The following are required to capture data lineage using Unity Catalog:

  • The workspace must have Unity Catalog enabled.
  • Tables must be registered in a Unity Catalog metastore.
  • Queries must use the Spark DataFrame (for example, Spark SQL functions that return a DataFrame) or Databricks SQL interfaces.
  • To view the lineage of a table or view, users must have at least the BROWSE privilege on the parent catalog of the table or view. The parent catalog must also be accessible from the workspace.
  • To view lineage information for notebooks, users must have permissions on these objects as defined by the access control settings in the workspace.

Examples

note
  • The following examples use the catalog name lineage_data and the schema name lineagedemo. To use a different catalog and schema, change the names used in the examples.

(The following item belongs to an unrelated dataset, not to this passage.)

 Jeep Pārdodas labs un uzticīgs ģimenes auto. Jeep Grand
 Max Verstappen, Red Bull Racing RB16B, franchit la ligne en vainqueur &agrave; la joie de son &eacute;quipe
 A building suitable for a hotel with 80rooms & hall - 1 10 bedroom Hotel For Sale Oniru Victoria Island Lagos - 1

  • To complete this example, you must have CREATE and USE SCHEMA privileges on a schema. A metastore admin, catalog owner, schema owner, or user with the MANAGE privilege on the schema can grant these privileges. For example, to give all users in the group 'data_engineers' permission to create tables in the lineagedemo schema in the lineage_data catalog, a user with one of the above privileges or roles can run the following queries:

    SQL
    CREATE SCHEMA lineage_data.lineagedemo;
    GRANT USE SCHEMA, CREATE on SCHEMA lineage_data.lineagedemo to `data_engineers`;

Capture and explore lineage

To capture lineage data:

  1. Go to your SAP Databricks landing page, click New Icon New in the sidebar, and select Notebook from the menu.

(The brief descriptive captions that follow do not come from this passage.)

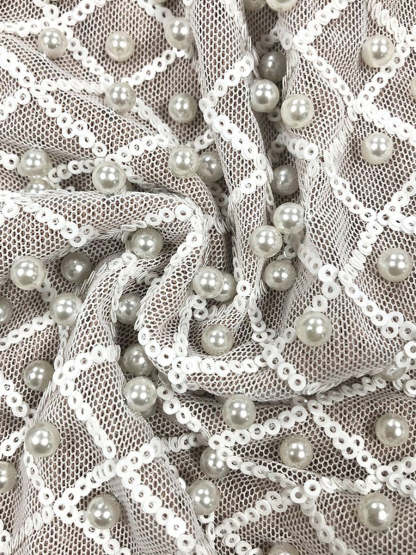 Elegant Sleeveless Sequined Prom Dress with Pearl Accents and Back Split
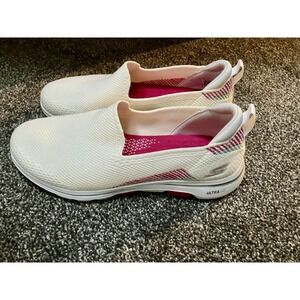 SKECHERS Women's 7.5 GOGA MAT Go Walk White Stretch Slip-on Comfort Shoes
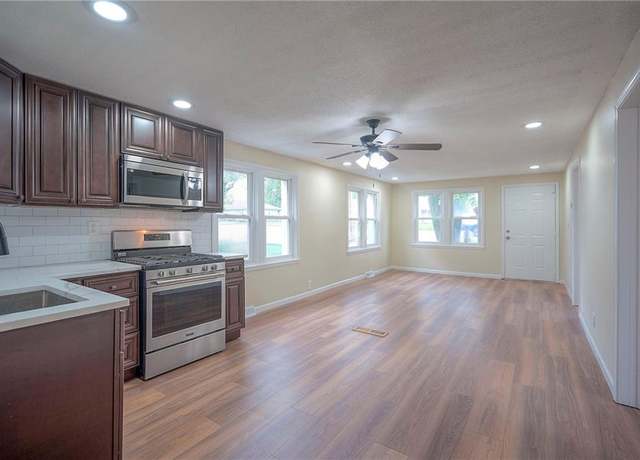 Property at 3701 S Sterling Ave, Independence, MO 64052, 4 beds, 2 baths
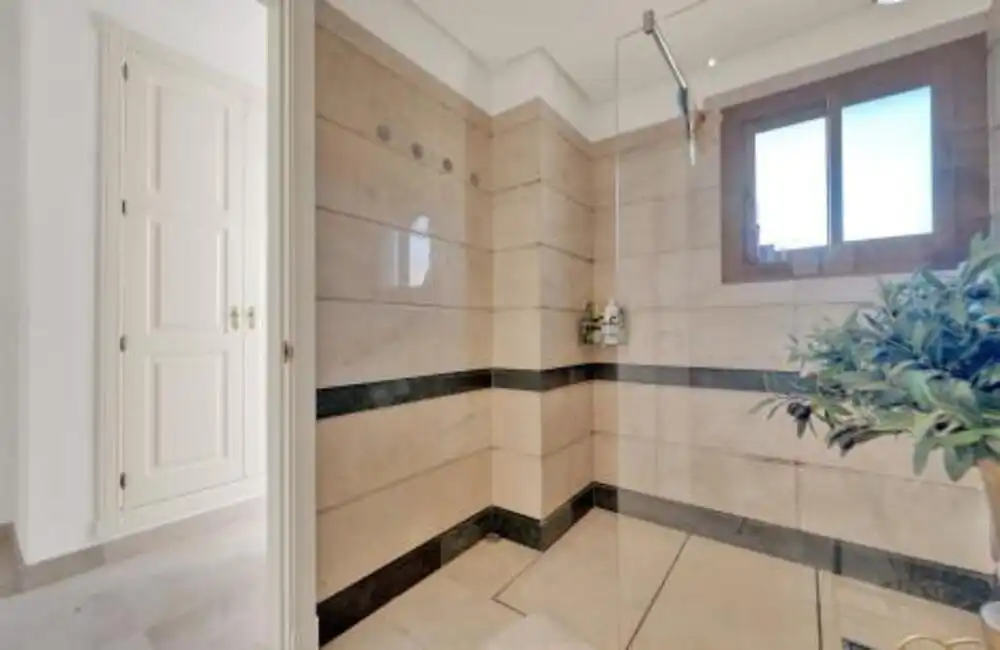 Bathroom of Attic for sale in Rïo Real - Los Monteros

  2. Enter a name for the notebook and select SQL in Default Language.

  3. Click Create.

  4. In the first notebook cell, enter the following queries:

    SQL
    CREATE TABLE IF NOT EXISTS
    lineage_data.lineagedemo.menu (
    recipe_id INT,
    app string,
    main string,
    dessert string
    );

    INSERT INTO lineage_data.lineagedemo.menu
    (recipe_id, app, main, dessert)
    VALUES
    (1,"Ceviche", "Tacos", "Flan"),
    (2,"Tomato Soup", "Souffle", "Creme Brulee"),
    (3,"Chips","Grilled Cheese","Cheesecake");

    CREATE TABLE
    lineage_data.lineagedemo.dinner
    AS SELECT
    recipe_id, concat(app," + ", main," + ",dessert)
    AS
    full_menu
    FROM
    lineage_data.lineagedemo.menu
  5. To run the queries, click in the cell and press shift+enter or click Run Menu and select Run Cell.

To use Catalog Explorer to view the lineage generated by these queries:

  1. In the Search box in the top bar of the SAP Databricks workspace, search for the lineage_data.lineagedemo.dinner table and select it.

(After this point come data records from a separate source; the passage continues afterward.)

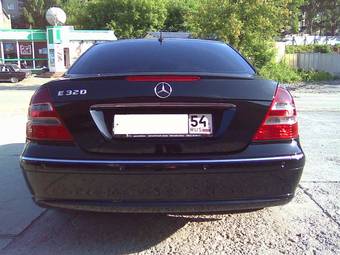2004 Mercedes-Benz E-Class Photos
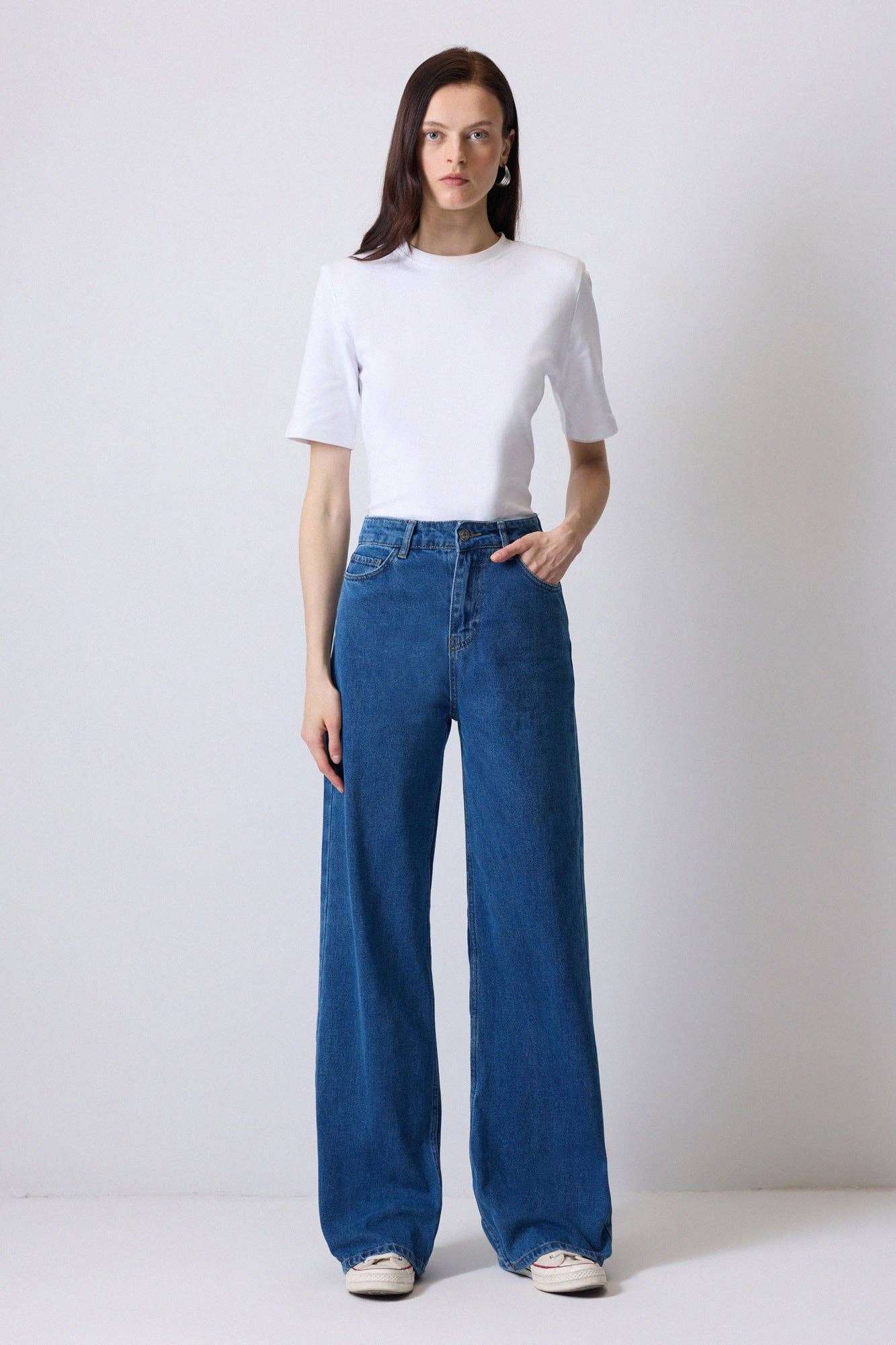 HIGH-RISE VINTAGE WIDE LEG DENIM JEANS for wholesale on Faire0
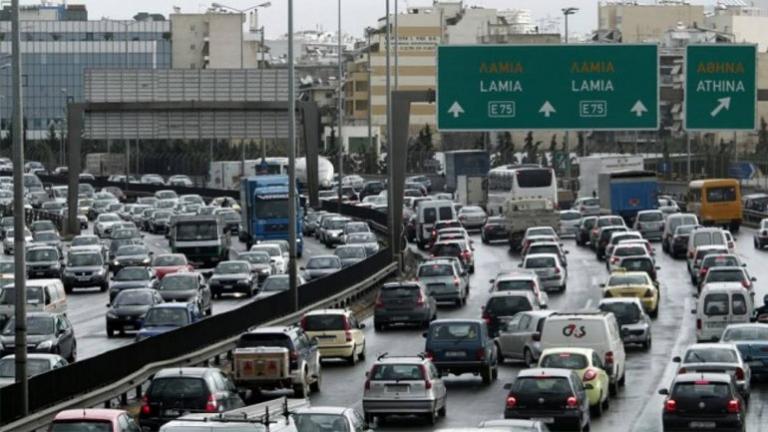 Κυκλοφοριακά προβλήματα στη λεωφόρο Κηφισού, λόγω τροχαίου ατυχήματος - Δείτε live την κίνηση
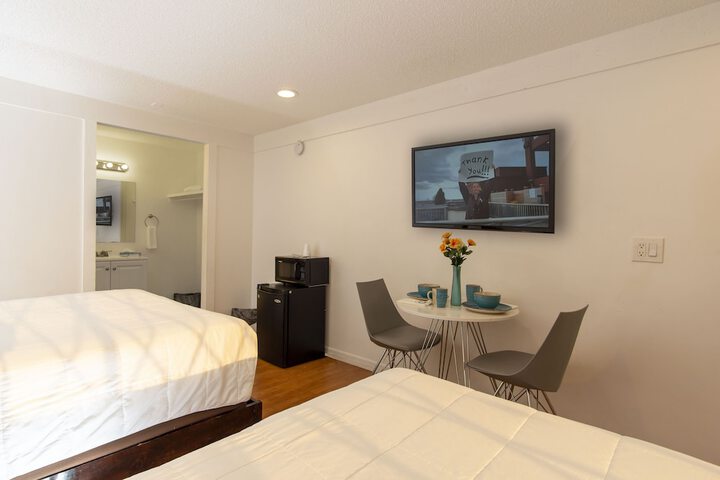 Standard Queen Bed City View (12 of 22)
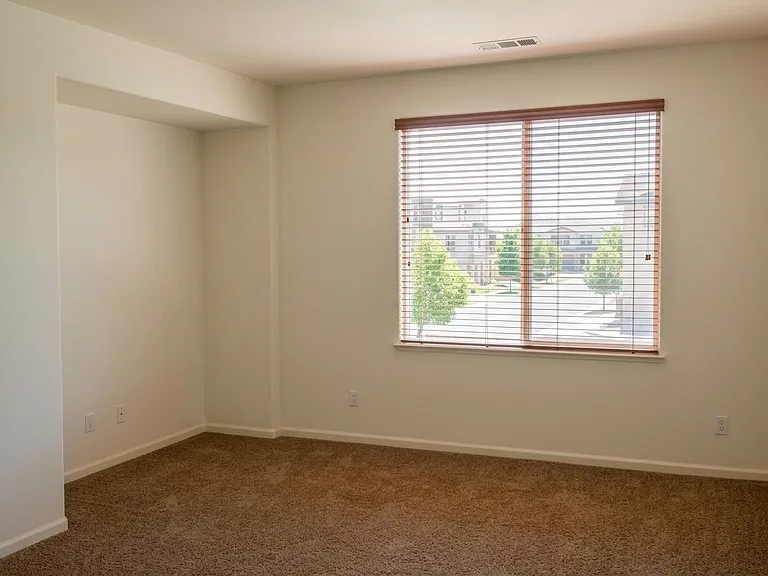 437 Carema Ct — Photo 4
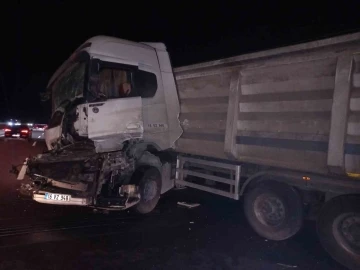 Yalova’da tır kamyona arkadan çarptı: 1 yaralı
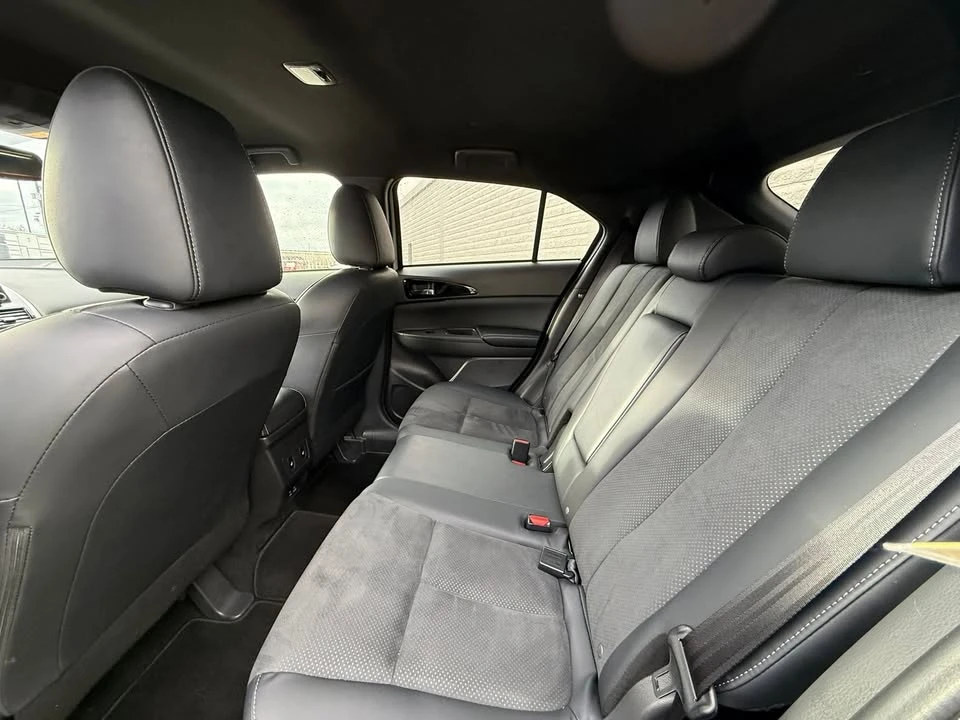 2025 Mitsubishi Eclipse Cross - Image 11 of 18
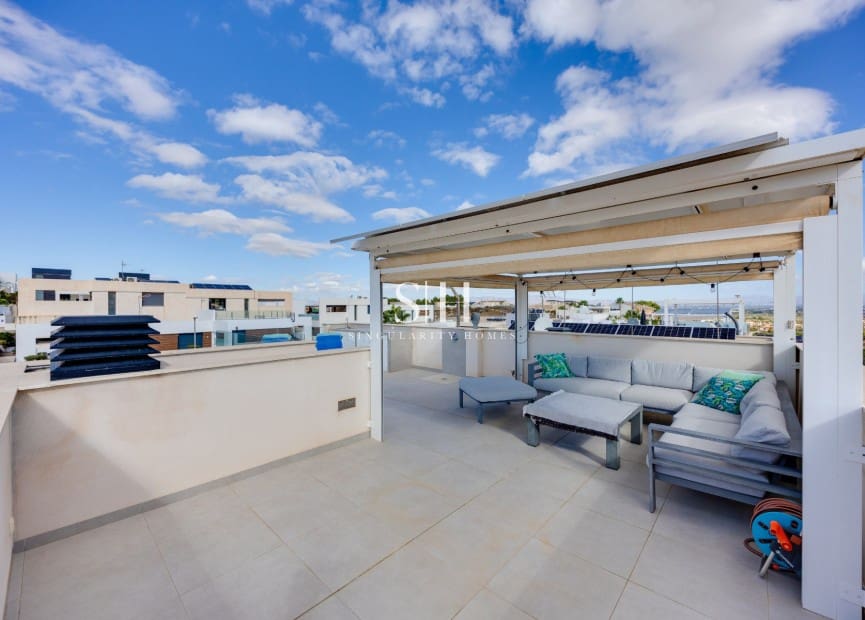 4 bedroom Villa for sale in Benijofar with pool - € 479,000 (Ref: 10093795)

  2. Select the Lineage tab. The lineage panel appears and displays related tables (for this example it's the menu table).

  3. To view an interactive graph of the data lineage, click See Lineage Graph. By default, one level is displayed in the graph. Click the Plus Sign Icon icon on a node to reveal more connections if they are available.

  4. Click an arrow that connects nodes in the lineage graph to open the Lineage connection panel. The Lineage connection panel shows details about the connection, including source and target tables, notebooks, and jobs.

    Lineage graph.

  5. To show the notebook associated with the dinner table, select the notebook in the Lineage connection panel or close the lineage graph and click Notebooks. To open the notebook in a new tab, click the notebook name.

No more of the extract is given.